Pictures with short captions
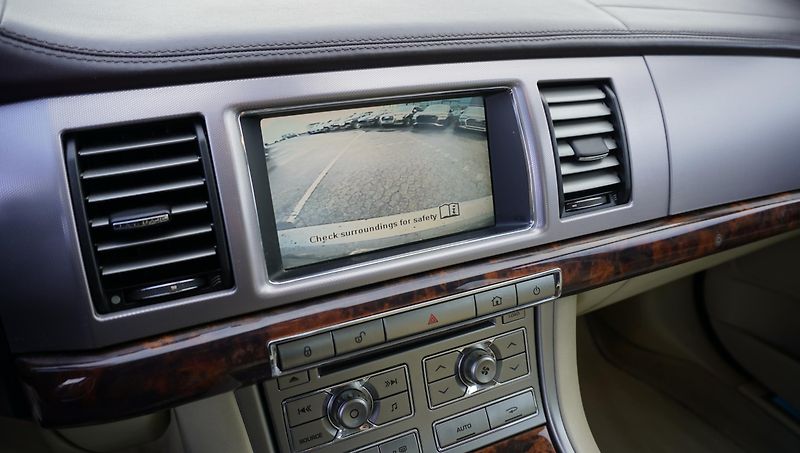 Jaguar XF 4.2 V8 PREMIUM LUXURY - fotka 20 z 29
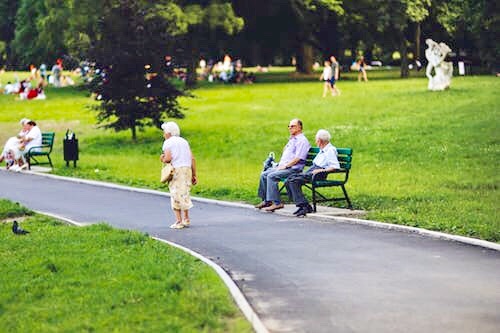 父母在家养老要做哪些准备工作？独生子女如何给父母养老？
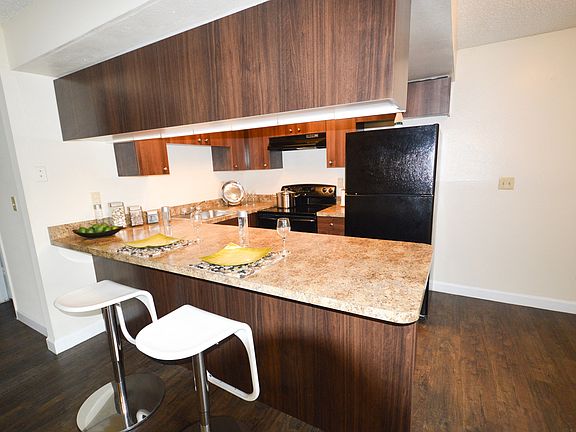 5th image of 6910 Interbay Blvd #27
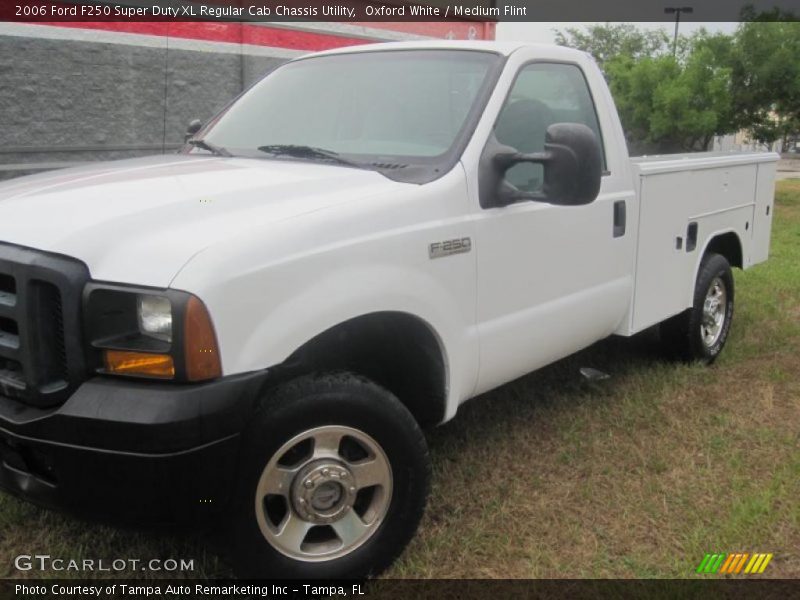 Oxford White / Medium Flint 2006 Ford F250 Super Duty XL Regular Cab Chassis Utility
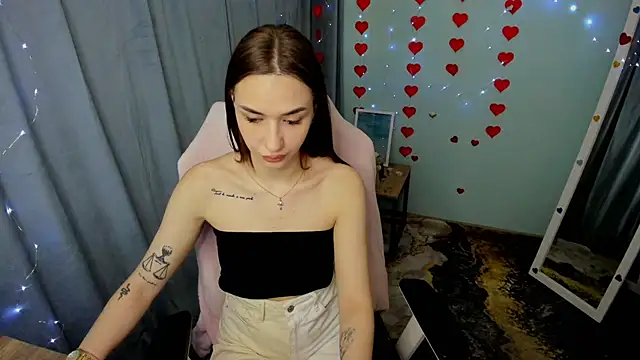 Snapshot of Bella_Night4 chatting on 14, 4, 2026 Bella Night4 online show from 14, 4, 2026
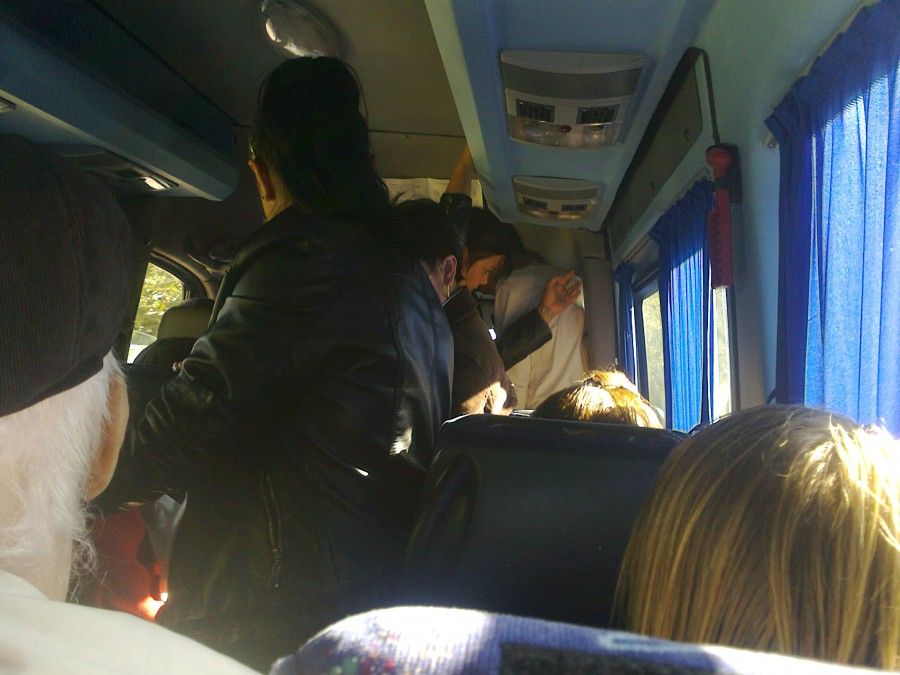 Calatorii erau ca sardelele intr-un maxi-taxi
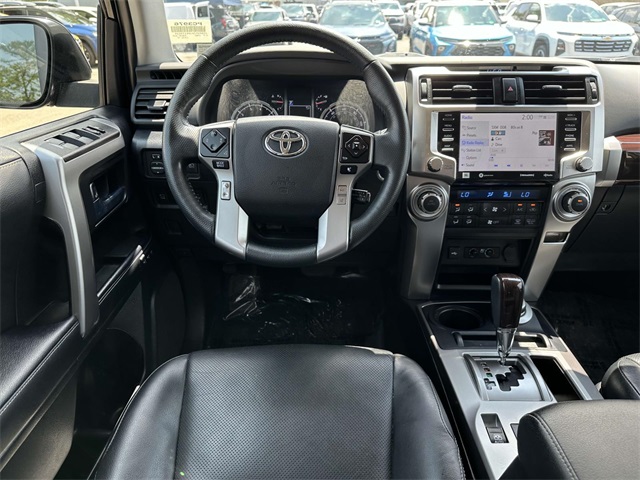 Vehicle image 9 of 34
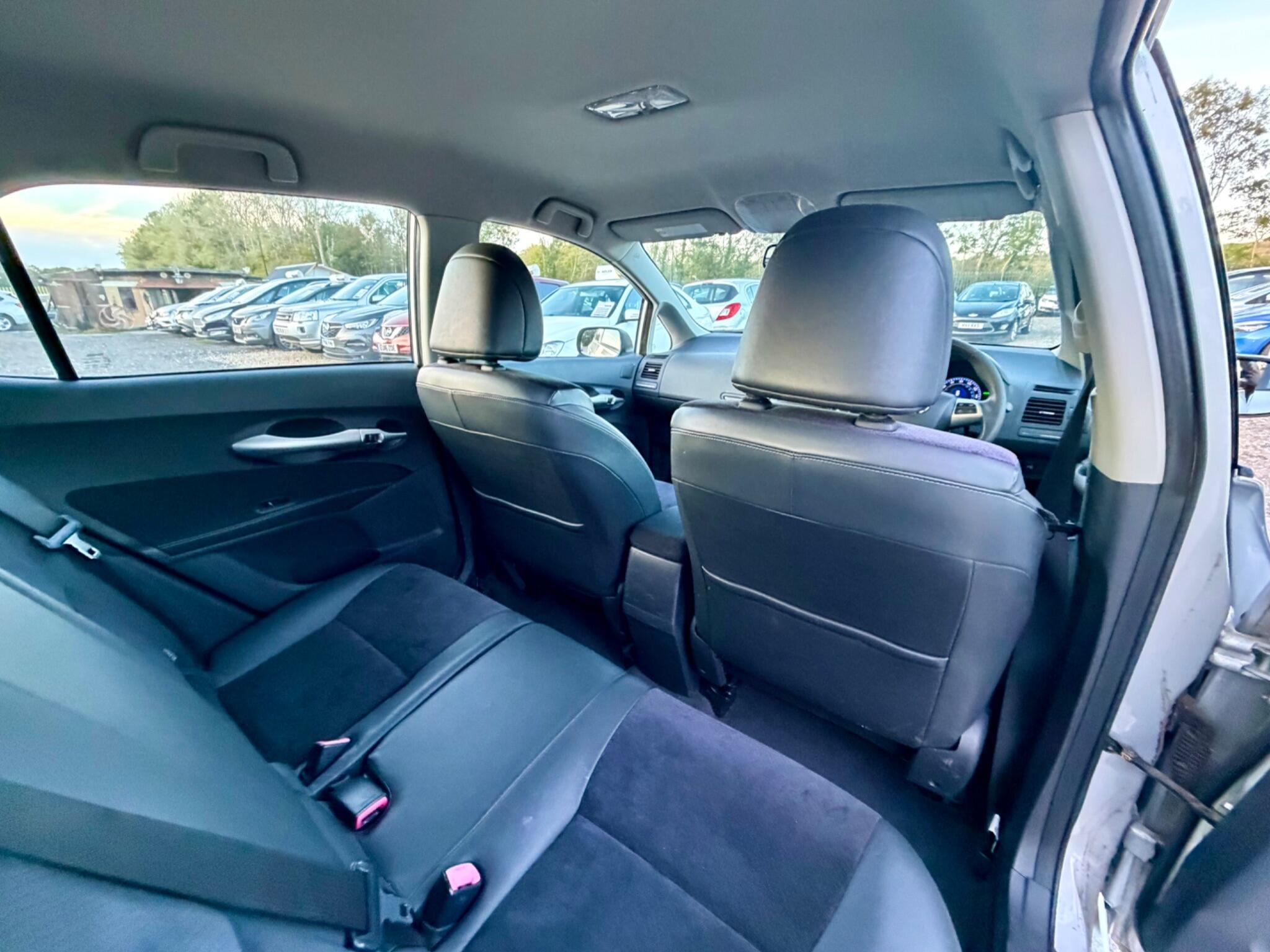 Toyota Auris view 35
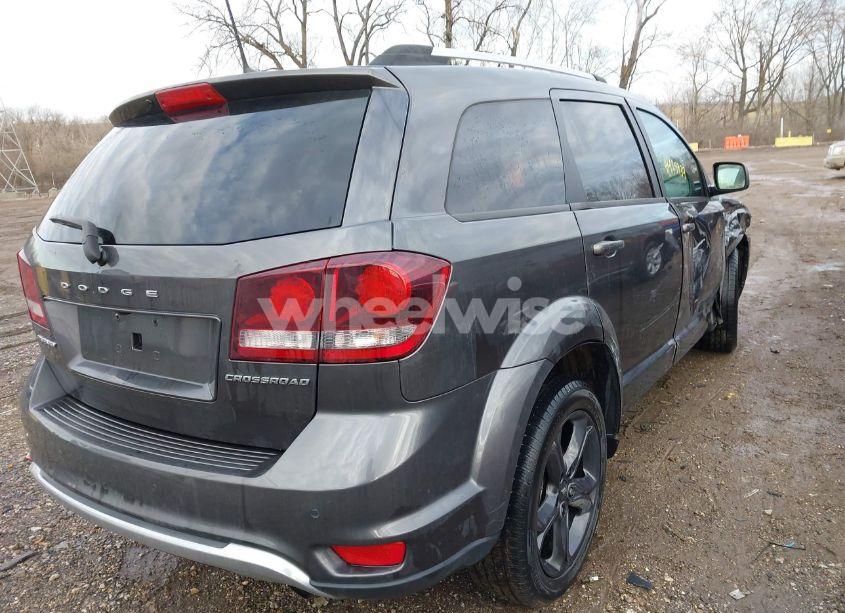 Photo 4 of 2020 Dodge Journey CROSSROAD (VIN 3C4PDCGBXLT270355)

--- Problem requirements ---
Print the data once more without any change, skipping each picture.

--- Result for this task ---
 Jaguar XF 4.2 V8 PREMIUM LUXURY - fotka 20 z 29
 父母在家养老要做哪些准备工作？独生子女如何给父母养老？
 5th image of 6910 Interbay Blvd #27
 Oxford White / Medium Flint 2006 Ford F250 Super Duty XL Regular Cab Chassis Utility
 Snapshot of Bella_Night4 chatting on 14, 4, 2026 Bella Night4 online show from 14, 4, 2026
 Calatorii erau ca sardelele intr-un maxi-taxi
 Vehicle image 9 of 34
 Toyota Auris view 35
 Photo 4 of 2020 Dodge Journey CROSSROAD (VIN 3C4PDCGBXLT270355)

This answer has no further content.